Naturally, not all the feedback was positive and I felt that my article was being taken too seriously as a commentary on our PM’s approval rating rather than a simple technical experiment.
Stupid SUTD student
joker. do analysis and then says “by no means a source of objective views”
He is an opportunist wanting to show off his skillset, but highlighted his own shortcoming when he chose wrong source of data ~
However, I couldn’t help but feel slightly flattered by the attention and also thought that writing was quite fun, having been thinking of starting a blog for some time already as a way to build my brand, so I continued to write on Medium.
Writing on Medium
My own experience
Medium’s site was clean and neat and I especially liked the writing experience in Medium’s editor. In addition, tags and publications were a great help in attracting attention to your posts. I was also influenced by other organisations which decided to maintain a presence on Medium such as Google Cloud Platform (which has accepted a handful of my posts) Data.gov.sg and Netflix Engineering.
A different perspective
If you try searching online for “should I write on Medium” you’ll find no shortage of arguments both for and against it. However, what really struck me was one comment I came across on Hacker News (emphasis mine):
I rarely click medium.com links, or any of their associated domains, hackernoon.com, etc.
The website sucks. It’s crippled without JS, and squirmy and laggy when JS is enabled. Either way, it’s very heavy on the network pipe.
Medium is in business of driving traffic, which means the content is likely to be mediocre.
It’s content that is looking for an audience, as my comment’s sibling states. Which means that it is probably not that compelling, otherwise the audience would find it.
It’s written by someone who can’t be bothered to set up their own website without all of these mis-features, nor understands the importance of doing so.
And for all of these reasons, the opinion of someone who publishes on Medium is worth a lot less to me.
The same goes for businessinsider.com, wsj.com, patch.com, nymag.com and all those other shitty sites that make me regret visiting them the moment I arrive. There can’t be anything relevant enough on there that I can’t live without. Just a big waste of my time and network resources.
I’ve blacklisted them in my hosts file, and haven’t looked back.

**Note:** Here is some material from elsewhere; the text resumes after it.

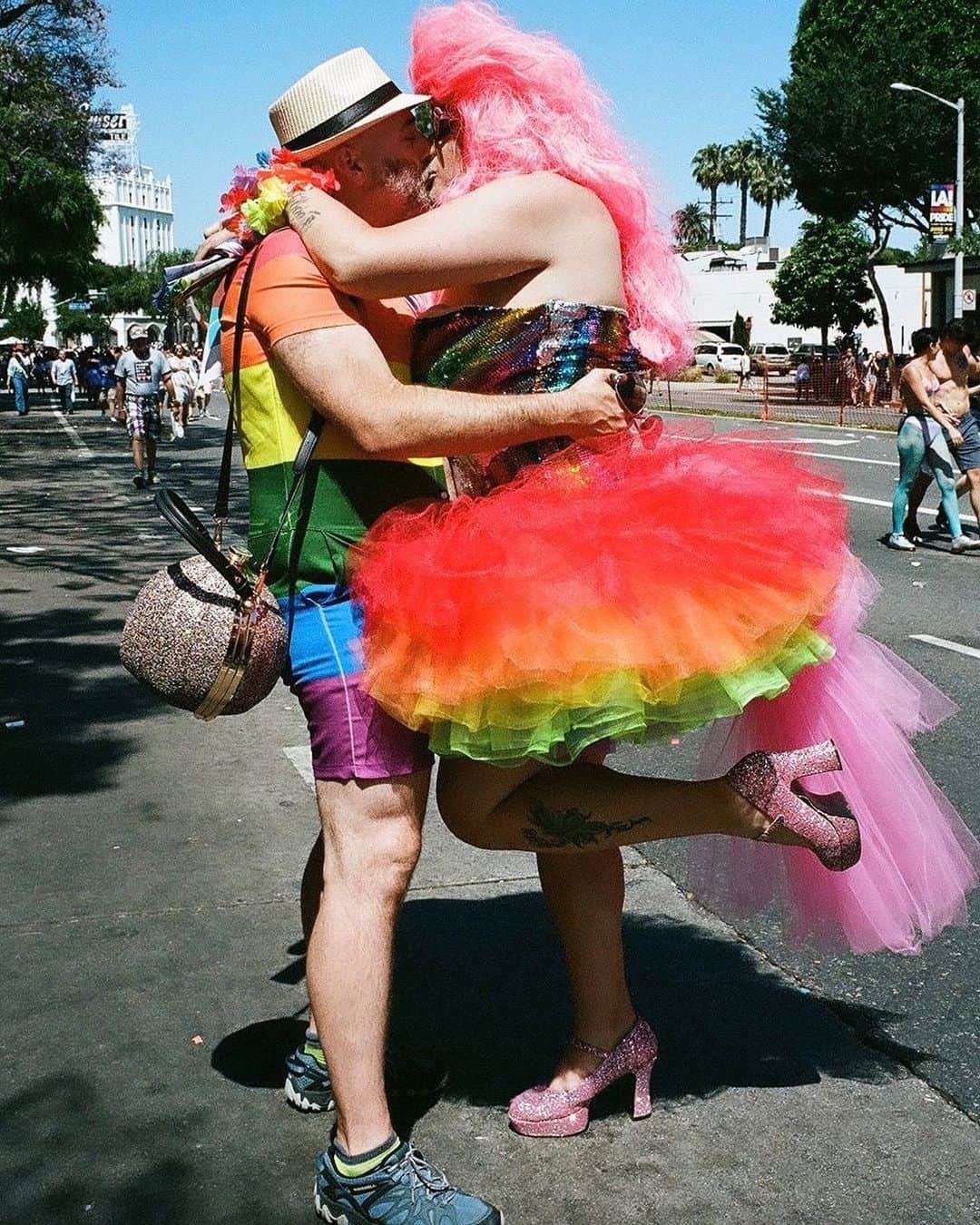 Vogue Runwayさんのインスタグラム写真 - (Vogue RunwayInstagram)「Photographer, artist, and professional skateboarder Ed Templeton brings the exuberant human spirit to Los Angeles Pride, where he documented revelers kissing on the streets of West Hollywood. Tap the link in our bio to see every photo. Photographed by @ed.templeton」6月12日 22時40分 - voguerunway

It’s true that there are some recurring complaints about various aspects of Medium that I agree with, such as the persistent “Open in app” button which appears over the article you are reading on mobile browsers. However, the parts of this comment which hit me the hardest (in bold) were not about Medium directly.
As someone who does take pride in the various applications I have set up myself, it hurt me a little to be called “someone who can’t be bothered to set up their own website”. While there are very real reasons to opt for managed services over self-hosted infrastructure, I’m not sure if they apply to a choice of Medium or Wordpress.com or Blogger or self-hosted Wordpress or a simple web application on a $5/mo VPS or a static site on GitHub pages/AWS S3/Netlify for a personal blog. Personally, I had always wanted to host my own blog as a static site just because I could, but I never got around to doing it.
The following line, which stated that “the opinion of someone who publishes on Medium is worth a lot less to me”, also made me realise that first impressions are important. They’re also fickle, and sometimes you can’t really control the first impression someone gets of you, whether in real life or online—maybe they had a bad experience with someone else who shared the same name as you before, or you’re just writing on a platform that they don’t like.
A simple fix
In my case though, there was a simple solution: it’s something I’ve been wanting to do for a while, and it might improve my first impression on some people, so I finally set up my own blog.
- I previously set up the subdomain
blog.jiayu.coas a temporary HTTP 302 redirect to my Medium profile page before I created this site.
- It’s generated by Hugo, a static site generator written in Go, a language I am quite partial to.
- The theme is entirely written from from the ground up by myself, (hopefully not too strongly) inspired by Medium’s own design.
- It’s hosted on Netlify, which automatically builds and serves the generated files whenever I commit to my GitHub repository so I don’t have to check them into version control.
- HTTPS is enabled with a Let’s Encrypt certificate automatically provisioned by Netlify. Netlify also helps to redirect from HTTP to HTTPS and set the
Strict Transport Securityheader, and serves content over HTTP2 automatically once HTTPS is enabled.
I’m happy with my new blog, but I have also benefited greatly from Medium’s ability to drive traffic. To have my cake and eat it too, I intend to continue publishing on Medium using their “Import post” feature to cross-post my new posts there as well, starting with this one.